Problem to solve:
The line containing "1055 Park View" marks the end; copy exactly all lines from the start of the material up to and including it.

Records provided:

##############################

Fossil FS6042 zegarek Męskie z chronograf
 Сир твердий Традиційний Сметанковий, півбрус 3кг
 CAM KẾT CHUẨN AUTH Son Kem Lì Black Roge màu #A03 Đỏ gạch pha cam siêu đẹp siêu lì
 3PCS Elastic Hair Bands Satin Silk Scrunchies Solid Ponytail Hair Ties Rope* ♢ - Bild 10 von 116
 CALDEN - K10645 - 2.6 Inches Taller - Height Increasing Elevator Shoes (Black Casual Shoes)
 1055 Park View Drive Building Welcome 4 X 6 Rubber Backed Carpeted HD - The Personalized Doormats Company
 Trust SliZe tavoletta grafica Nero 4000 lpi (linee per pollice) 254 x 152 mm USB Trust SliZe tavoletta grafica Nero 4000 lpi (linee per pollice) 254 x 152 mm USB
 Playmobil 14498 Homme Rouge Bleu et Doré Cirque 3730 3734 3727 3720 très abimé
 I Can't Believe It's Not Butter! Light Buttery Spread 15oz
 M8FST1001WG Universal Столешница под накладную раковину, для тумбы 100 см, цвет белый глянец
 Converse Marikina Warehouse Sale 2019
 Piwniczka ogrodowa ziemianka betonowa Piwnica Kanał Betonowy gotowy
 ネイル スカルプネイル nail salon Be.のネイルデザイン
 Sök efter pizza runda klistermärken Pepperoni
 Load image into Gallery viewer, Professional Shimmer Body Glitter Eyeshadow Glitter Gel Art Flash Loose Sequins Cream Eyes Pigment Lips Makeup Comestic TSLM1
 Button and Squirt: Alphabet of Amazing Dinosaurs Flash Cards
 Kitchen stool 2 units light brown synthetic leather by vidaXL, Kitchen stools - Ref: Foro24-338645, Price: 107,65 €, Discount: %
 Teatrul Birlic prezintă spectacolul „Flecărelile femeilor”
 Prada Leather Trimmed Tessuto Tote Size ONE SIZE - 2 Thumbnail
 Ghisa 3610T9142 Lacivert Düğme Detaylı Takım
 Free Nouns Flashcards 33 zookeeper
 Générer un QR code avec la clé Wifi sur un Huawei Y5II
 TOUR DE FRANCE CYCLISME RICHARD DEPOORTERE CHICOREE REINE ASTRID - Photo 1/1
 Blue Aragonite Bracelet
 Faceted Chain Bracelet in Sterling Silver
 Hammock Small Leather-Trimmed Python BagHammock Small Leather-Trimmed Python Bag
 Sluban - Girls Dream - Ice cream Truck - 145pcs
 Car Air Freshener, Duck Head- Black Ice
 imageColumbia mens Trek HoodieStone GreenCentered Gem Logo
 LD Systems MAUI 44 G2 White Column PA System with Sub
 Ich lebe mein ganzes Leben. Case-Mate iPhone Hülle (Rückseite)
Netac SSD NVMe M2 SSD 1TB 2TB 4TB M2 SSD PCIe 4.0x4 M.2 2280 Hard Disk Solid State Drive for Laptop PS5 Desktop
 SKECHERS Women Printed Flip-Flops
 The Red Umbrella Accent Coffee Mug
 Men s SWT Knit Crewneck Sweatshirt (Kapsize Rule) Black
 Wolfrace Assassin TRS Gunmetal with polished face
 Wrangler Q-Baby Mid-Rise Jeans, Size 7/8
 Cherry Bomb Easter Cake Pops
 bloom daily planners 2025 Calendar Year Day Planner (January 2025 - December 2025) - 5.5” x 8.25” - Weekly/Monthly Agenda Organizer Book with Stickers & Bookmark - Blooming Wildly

##############################

Solution for this exercise:
Fossil FS6042 zegarek Męskie z chronograf
 Сир твердий Традиційний Сметанковий, півбрус 3кг
 CAM KẾT CHUẨN AUTH Son Kem Lì Black Roge màu #A03 Đỏ gạch pha cam siêu đẹp siêu lì
 3PCS Elastic Hair Bands Satin Silk Scrunchies Solid Ponytail Hair Ties Rope* ♢ - Bild 10 von 116
 CALDEN - K10645 - 2.6 Inches Taller - Height Increasing Elevator Shoes (Black Casual Shoes)
 1055 Park View Drive Building Welcome 4 X 6 Rubber Backed Carpeted HD - The Personalized Doormats Company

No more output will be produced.